* **WORK REQUEST**
Only the pictures are to be dropped; the rest of the data below is to be duplicated exactly.

* **DATA SHOWN**

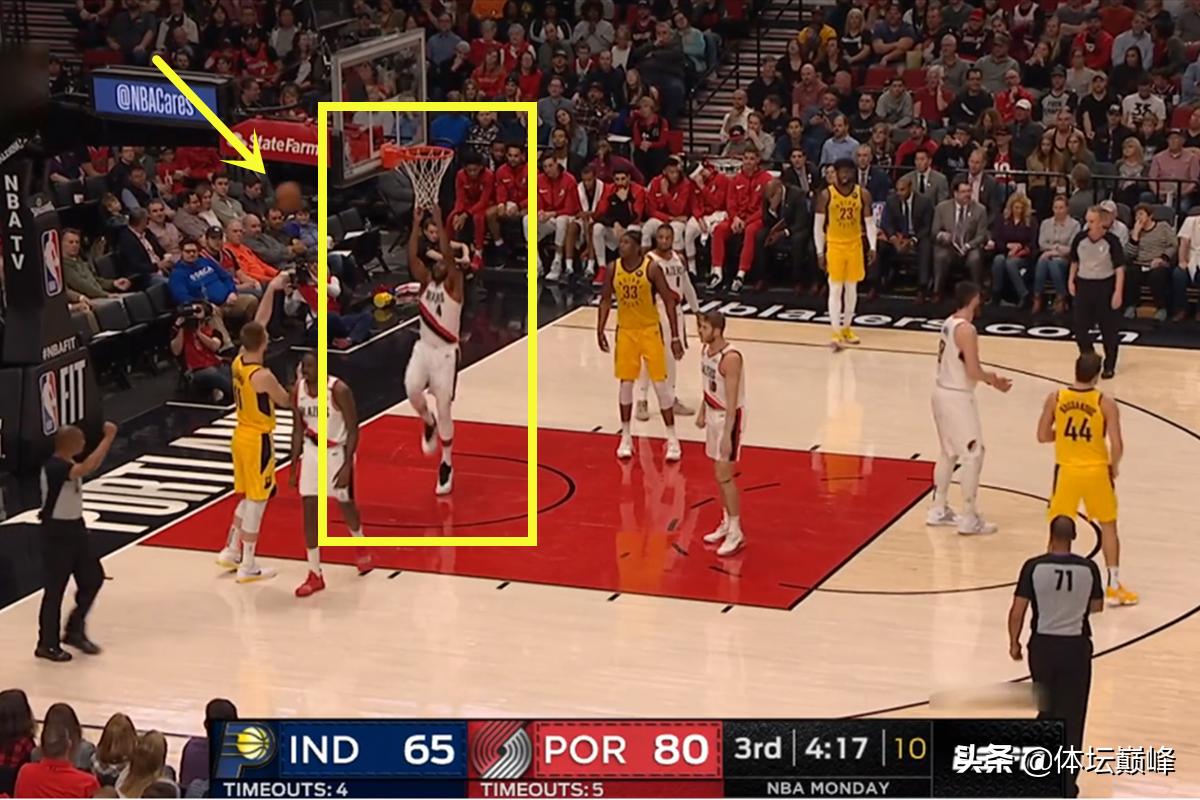 篮球场容不下你了？死球时间小萨试投，哈克莱斯倒挂金钩一脚踢飞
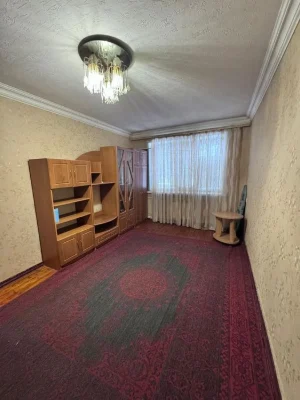 Продам однокомнатную кв. ул.Красная 20а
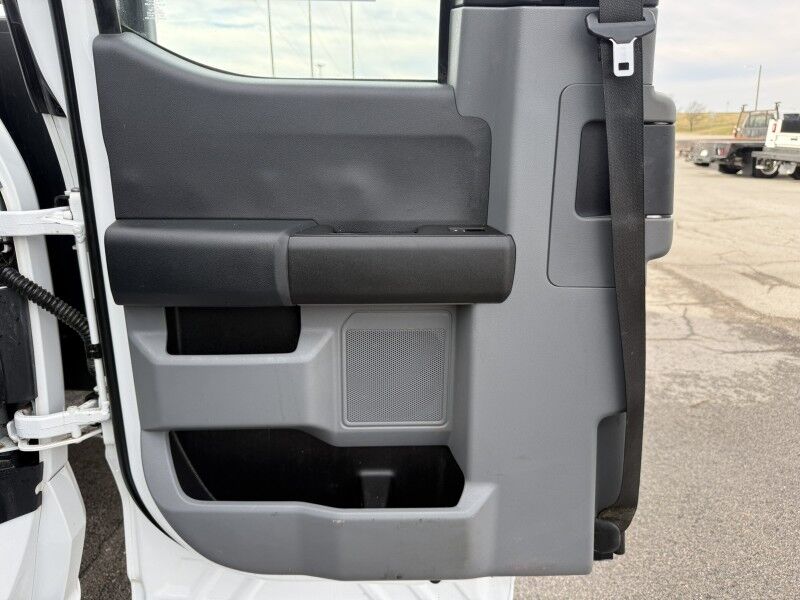 2023 Ford Super Duty F-550 7.3L V8 4x4 Flatbed XL Collinsville OK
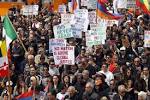 Slideshow: Huge Los Angeles march commemorates Armenian genocide.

* **FINISHED EXERCISE**
 篮球场容不下你了？死球时间小萨试投，哈克莱斯倒挂金钩一脚踢飞
 Продам однокомнатную кв. ул.Красная 20а
 2023 Ford Super Duty F-550 7.3L V8 4x4 Flatbed XL Collinsville OK
 Slideshow: Huge Los Angeles march commemorates Armenian genocide.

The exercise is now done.